Key to her work is augmented reality (AR): ever more popular globally in everything from arts to flight training. Under AR, digital images are superimposed on reality to create a rich, interactive experience that combines real and virtual worlds.

In Myanmar, 360ed uses AR in a series of apps it has developed since 2016 to help students better visualise complex subjects such as chemistry and biology.

Her project on sex education, named "Bay Kin" or "Danger Free", was launched in August soon after the child-rape case ignited national debate about sex, safety, children and consent.

The product includes a series of sex education books - in both paper and AR formats - as well as comics and games, that teach students about everything from sex organs to pregnancy.

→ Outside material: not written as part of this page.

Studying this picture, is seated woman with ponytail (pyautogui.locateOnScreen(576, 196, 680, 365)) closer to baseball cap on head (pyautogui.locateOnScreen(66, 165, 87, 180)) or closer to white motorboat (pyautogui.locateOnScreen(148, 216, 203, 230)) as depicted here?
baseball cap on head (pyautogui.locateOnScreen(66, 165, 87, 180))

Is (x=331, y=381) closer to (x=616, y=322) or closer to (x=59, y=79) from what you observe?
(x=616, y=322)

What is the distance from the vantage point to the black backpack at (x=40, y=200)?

"As a mother and a teacher, I'm keen on this topic because many teenagers are curious about it but we don't have a tool to teach them," said Hla Hla Win, who has a four-year-old daughter.

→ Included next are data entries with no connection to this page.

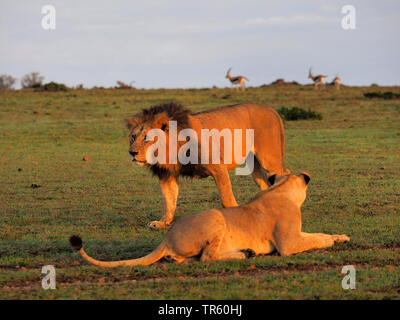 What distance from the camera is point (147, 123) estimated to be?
26.8ft

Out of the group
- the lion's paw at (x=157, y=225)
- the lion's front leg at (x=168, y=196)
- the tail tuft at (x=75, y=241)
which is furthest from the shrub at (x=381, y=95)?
the tail tuft at (x=75, y=241)

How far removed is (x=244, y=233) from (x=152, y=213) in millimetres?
3374

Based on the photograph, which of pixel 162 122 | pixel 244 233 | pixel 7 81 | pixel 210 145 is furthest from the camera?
pixel 7 81

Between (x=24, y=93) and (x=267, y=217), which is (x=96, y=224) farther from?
(x=24, y=93)

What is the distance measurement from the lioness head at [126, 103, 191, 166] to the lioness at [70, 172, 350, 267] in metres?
1.75

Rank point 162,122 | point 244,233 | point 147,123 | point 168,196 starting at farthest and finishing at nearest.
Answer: point 168,196 → point 162,122 → point 147,123 → point 244,233

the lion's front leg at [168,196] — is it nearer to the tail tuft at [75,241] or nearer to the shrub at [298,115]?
the tail tuft at [75,241]

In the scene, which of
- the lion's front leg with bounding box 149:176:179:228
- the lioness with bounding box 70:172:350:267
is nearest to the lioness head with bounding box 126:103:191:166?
the lion's front leg with bounding box 149:176:179:228

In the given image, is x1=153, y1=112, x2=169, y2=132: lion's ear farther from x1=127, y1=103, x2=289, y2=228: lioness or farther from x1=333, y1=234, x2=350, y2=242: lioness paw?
x1=333, y1=234, x2=350, y2=242: lioness paw

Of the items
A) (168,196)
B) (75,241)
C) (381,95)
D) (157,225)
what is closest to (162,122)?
(168,196)

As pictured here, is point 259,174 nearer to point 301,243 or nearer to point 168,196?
point 168,196

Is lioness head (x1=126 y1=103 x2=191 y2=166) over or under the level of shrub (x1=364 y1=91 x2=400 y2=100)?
under

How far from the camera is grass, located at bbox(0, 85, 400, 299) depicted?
18.1 ft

"A lot of teenagers in Myanmar thought pregnancy could just happen from sharing a same glass of water with the opposite sex," she added.

So far about 100 schools have partnered with 360ed to use its sex education books; now it is working with teachers to roll out the AR technology.

"We're in the early stage because many teachers still feel embarrassed to teach sex in schools but AR is fun, so we hope it can help to overcome this," said Hla Hla Win.

The three-year-old girl, nicknamed Victoria, testified via video link at a trial last month after a school employee was charged with raping her. The case has been a lightning rod for popular protest in Myanmar, be it over the many nurseries that lack licences or the hasty way police handled investigations.

Child rapists face a maximum life imprisonment if convicted.